Directions: Could you repeat every entry below word for word, leaving out the pictures?

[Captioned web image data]
· · ·
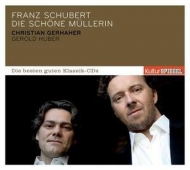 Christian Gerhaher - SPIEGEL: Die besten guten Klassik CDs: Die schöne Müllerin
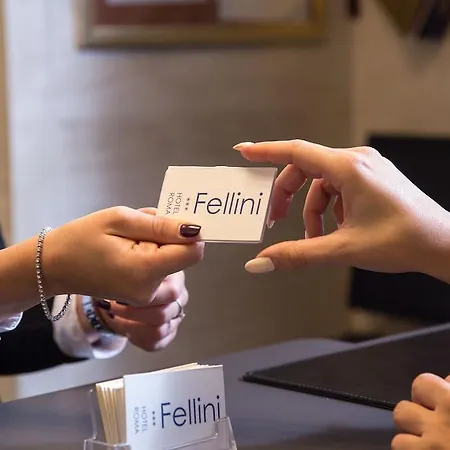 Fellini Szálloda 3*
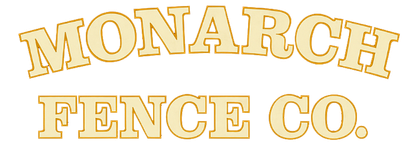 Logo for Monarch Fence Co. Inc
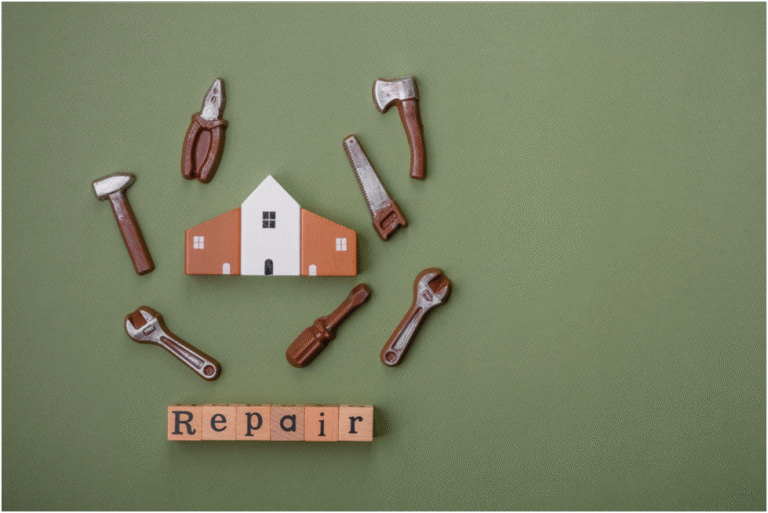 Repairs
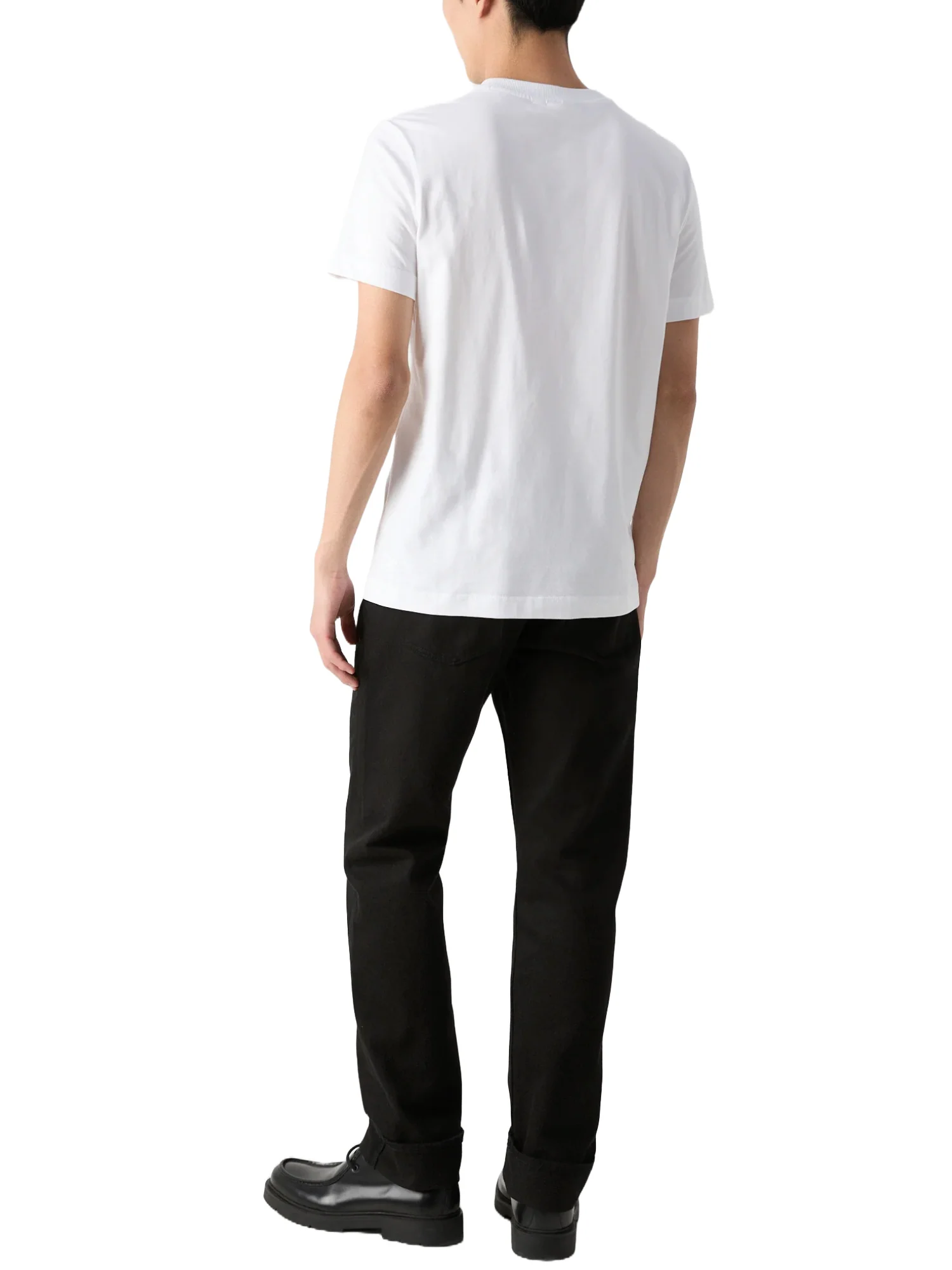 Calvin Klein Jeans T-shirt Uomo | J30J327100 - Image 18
· · ·
Result of this exercise:
 Christian Gerhaher - SPIEGEL: Die besten guten Klassik CDs: Die schöne Müllerin
 Fellini Szálloda 3*
 Logo for Monarch Fence Co. Inc
 Repairs
 Calvin Klein Jeans T-shirt Uomo | J30J327100 - Image 18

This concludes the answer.